Si, donc, nous devions siéger à 1 heure, il faudrait commencer le travail en section à 11 heures.

Or, de 11 à 5 c'est un peu long.

Il y aurait en outre des coïncidences dans les réunions de plusieurs sections centrales, ce qui amène de très grandes perturbations dans le service.

La discussion du budget de la guerre, s'il faut s'en rapporter aux apparences, ne sera pas longue, et nous pouvons, je pense, parfaitement commencer nos séances à deux heures.

M. le président. - Il est entendu que l'examen du projet de loi sur la milice commencera jeudi en sections.

Nous pouvons arrêter mardi les heures des séances.

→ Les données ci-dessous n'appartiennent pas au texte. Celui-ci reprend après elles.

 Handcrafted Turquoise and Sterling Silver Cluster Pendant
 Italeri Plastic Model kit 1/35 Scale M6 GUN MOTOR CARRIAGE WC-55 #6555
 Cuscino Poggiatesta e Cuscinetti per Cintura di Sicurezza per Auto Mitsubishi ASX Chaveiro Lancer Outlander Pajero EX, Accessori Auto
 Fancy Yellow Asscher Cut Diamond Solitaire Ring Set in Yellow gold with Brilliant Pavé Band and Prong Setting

M. B. Dumortier. - Je crois qu'il serait à désirer que les travaux des sections et de la Chambre ne portassent pas préjudice à l'examen en section centrale des budgets.

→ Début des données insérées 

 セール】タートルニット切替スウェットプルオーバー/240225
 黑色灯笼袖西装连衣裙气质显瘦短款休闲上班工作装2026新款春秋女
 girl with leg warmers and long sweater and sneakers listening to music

Il est à désirer que nous ayons le plus tôt possible les rapports sur le budget de la justice et sur le budget de l'intérieur et sur le budget des travaux publics, car il me semble que ce qu'il y a de plus urgent, c'est d'éviter les crédits provisoires.

Je demande donc que les sections centrales chargées de l'examen des budgets veuillent bien activer leur travail en ce qui concerne les budgets et que les sections ordinaires soient réunies un peu plus tôt afin de laisser aux sections centrales le temps de travailler.

J'ajouterai et c'est pour cela que j'ai pris la parole, qu'il me paraît impossible de finir la séance à 1 heure mercredi et les jours suivants, puisque l'on veut commencer jeudi en section l'examen du projet de loi sur la milice.

M. le président. - On peut statuer mercredi.

M. Moreau. - Je désire donner à la Chambre quelques renseignements sur les travaux des sections centrales que je suis chargé de présider.

La section centrale chargée de l'examen du budget de l'intérieur a tenu plusieurs séances très longues ; elle se réunira lundi à 10 heures et elle espère pouvoir terminer ce jour-là l'examen du budget.

Il restera alors le travail du rapporteur.

La section centrale chargée d'examiner le budget de la justice s'est réunie et a fait à M. le ministre de la justice diverses questions. J'ai reçu les réponses, aujourd'hui.

Elle se réunira probablement mercredi pour examiner ces réponses, nommer son rapporteur et terminer, s'il est possible, l'examen du budget.

Voilà où en sont les choses.

M. le président. - La section centrale chargée d'examiner le projet de loi sur les fraudes électorales se réunira mercredi prochain.

- La séance est levée à 3 3/4 heures.